In Baden-Württemberg geht es unter anderem darum, ob Winfried Kretschmann, seit 2011 der erste und bisher einzige grüne Ministerpräsident Deutschlands, weiter regiert – und wenn ja, mit welcher Partei seine Grünen eine Mehrheit finden. Kretschmanns Herausforderin ist Susanne Eisenmann. Die CDU-Politikerin ist seit 2016 als Kultusministerin zuständig für Schulen und Jugendarbeit im Land und bewirbt sich nun um das Amt der Ministerpräsidentin.
Watson hat Eisenmann vor der Wahl gefragt, was sie als Ministerpräsidentin für junge Menschen in Baden-Württemberg täte – und was aus ihrer Sicht der Hintergrund der Stuttgarter Krawallnacht im Sommer 2020 war, bei der Jugendliche in der Innenstadt randalierten und Geschäfte plünderten.

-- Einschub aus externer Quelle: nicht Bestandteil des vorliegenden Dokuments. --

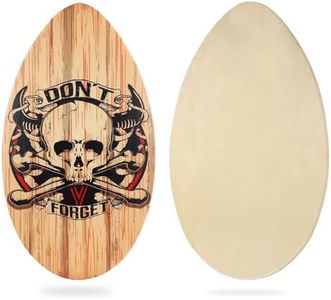 HQO LOVL Skimboard 35 inch Skim Board for Kids Adults Wooden Skim Boards with High Gloss Coat for Beach Skimboards for Beginners to Intermediate(skull)
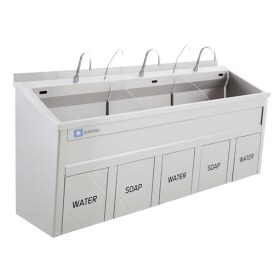 Νιπτήρας Χειρουργείου με Λειτουργία με Γόνατο | 3 θέσεων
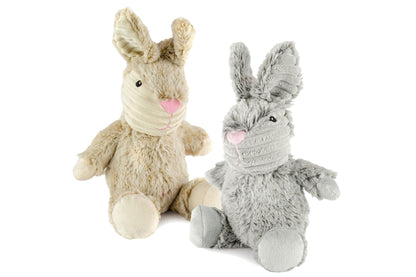 Cuddle Bunnies w/ Squeaker & Corduroy Trim - 2 Color Options - Dog Toy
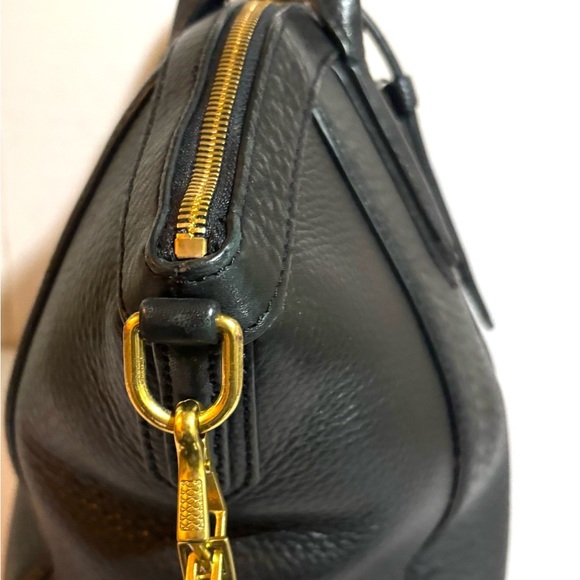 J. Crew black pebbled leather satchel handbag - Picture 4 of 9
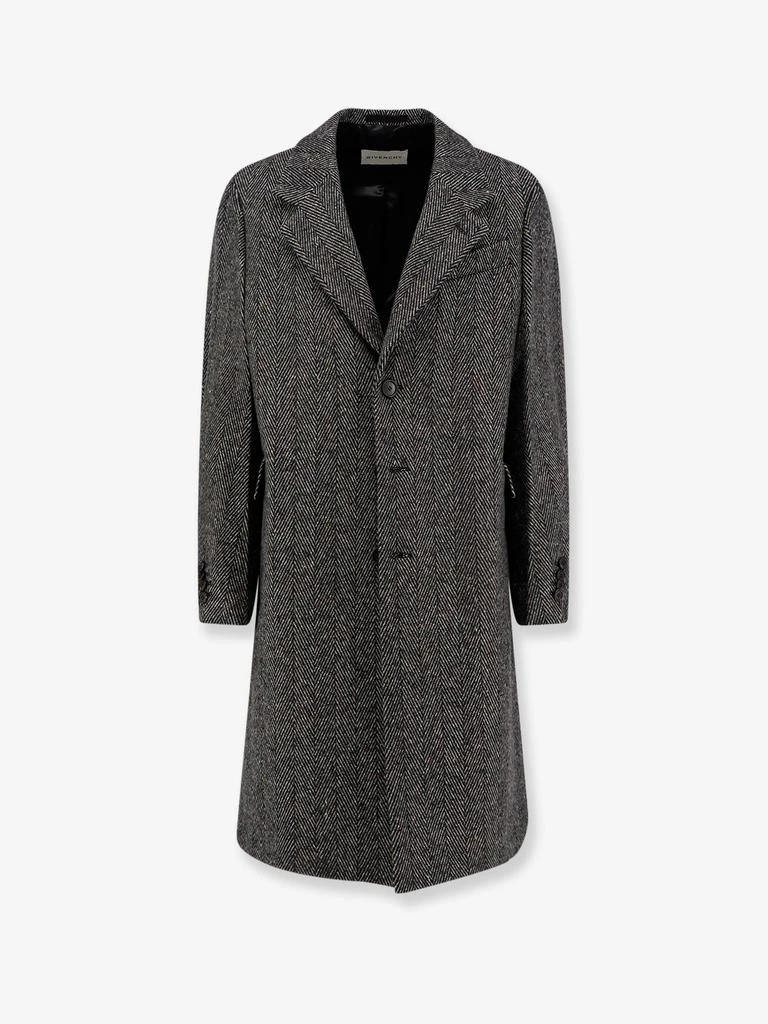 Givenchy Wool blend coat with herringbone motif 1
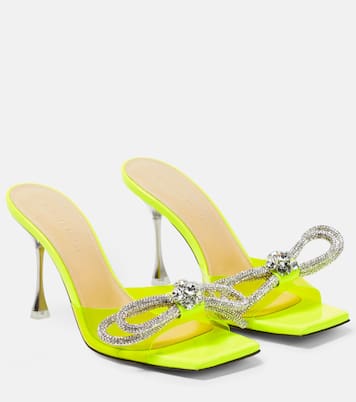Double Bow embellished PVC mules | Mach & Mach
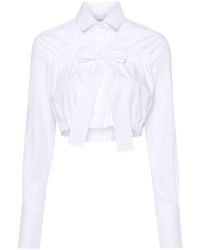 Patou - Shirt With Bow - Lyst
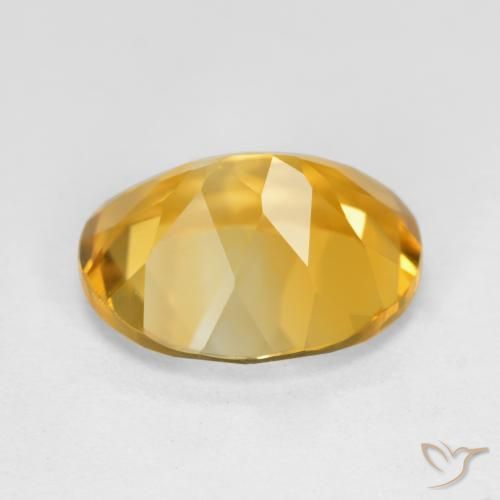 Citrino Dorado intenso natural de 4.18 ct, Ovalada, VVS-VS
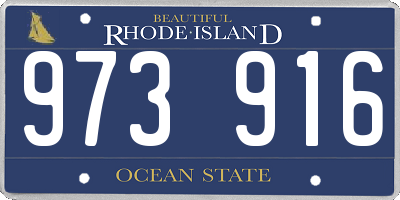 RI license plate 973916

watson: Frau Eisenmann, im vergangenen Sommer haben die Krawalle durch Jugendliche in Stuttgart bundesweit Aufsehen erregt: Hat sich dabei gezeigt, dass die Landesregierung die Interessen junger Menschen vernachlässigt hat?

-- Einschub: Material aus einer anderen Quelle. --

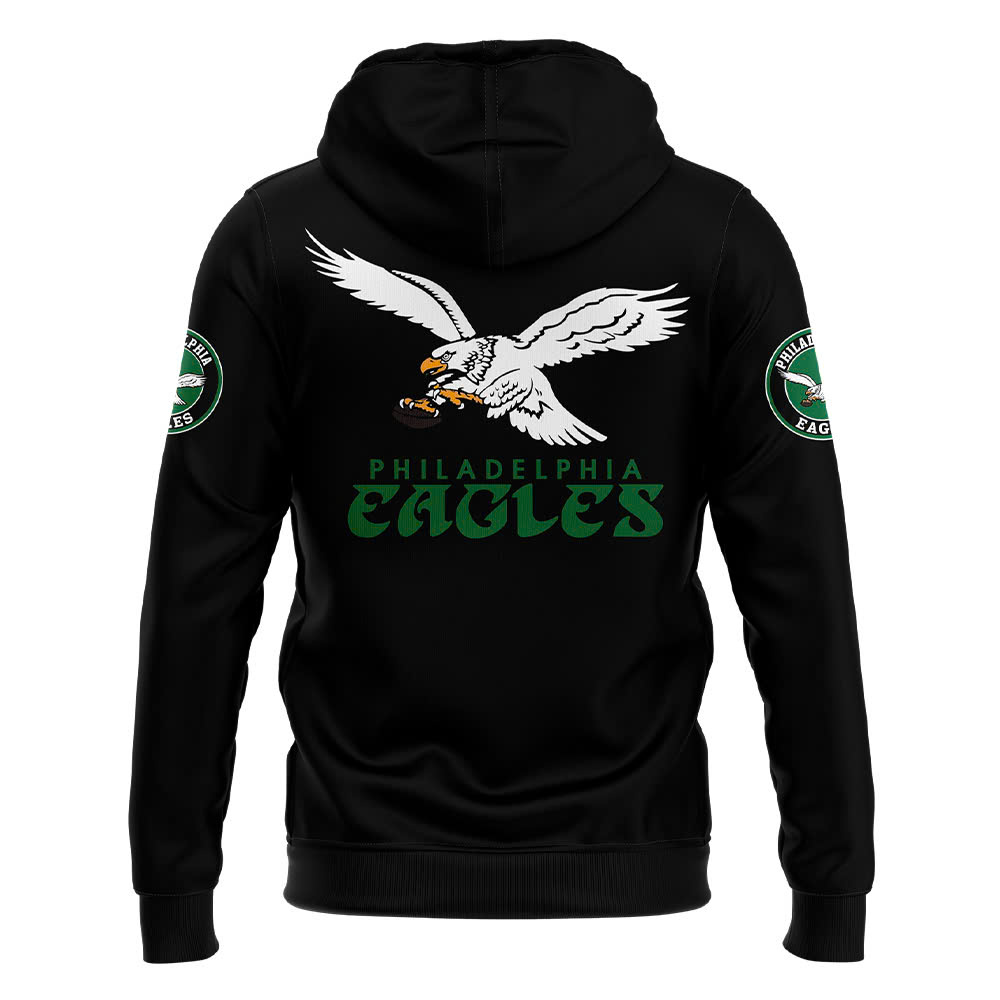 Philadelphia Eagles Throwback Hoodie - Famjoys Philadelphia Eagles Throwback Hoodie - Famjoys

Nein, definitiv nicht. Es war – anders, als oftmals behauptet – kein Partyvolk, das vor geschlossenen Türen gestanden oder nach Alternativen gesucht hätte.
Sondern?
Vielmehr gehört zur Wahrheit, dass eine Polizeikontrolle am Eckensee aus mangelndem Respekt gegenüber der Polizei zunächst eskalierte und sich daraus eine Gruppendynamik entwickelte, die über soziale Netzwerke eine erhebliche Zahl an krawall- und gewaltorientierten jungen Menschen mobilisierte.
Sie klingen schockiert...
Diese Ausschreitungen haben mich nachhaltig schockiert, ja, sie sind ein echtes No-Go. Ich spreche mit vielen Jugendlichen und Heranwachsenden, die unter den coronabedingten Einschränkungen besonders gelitten haben. Aber ich bin mir ziemlich sicher, dass meine Gesprächspartner und all die, die normal ticken, zum Beispiel nicht mit Sturmhaube und Baseballschläger ins Stuttgarter Nachtleben aufbrechen.
Wie wollen Sie als Ministerpräsidentin vermeiden, dass junge Menschen sich abgehängt fühlen?
Indem wir die Angebote vor Ort stärken und die Innenstädte und Begegnungsstätten für junge Menschen attraktiv halten. Dabei müssen wir die Städte und Gemeinden noch besser unterstützen.
Wie genau soll das funktionieren?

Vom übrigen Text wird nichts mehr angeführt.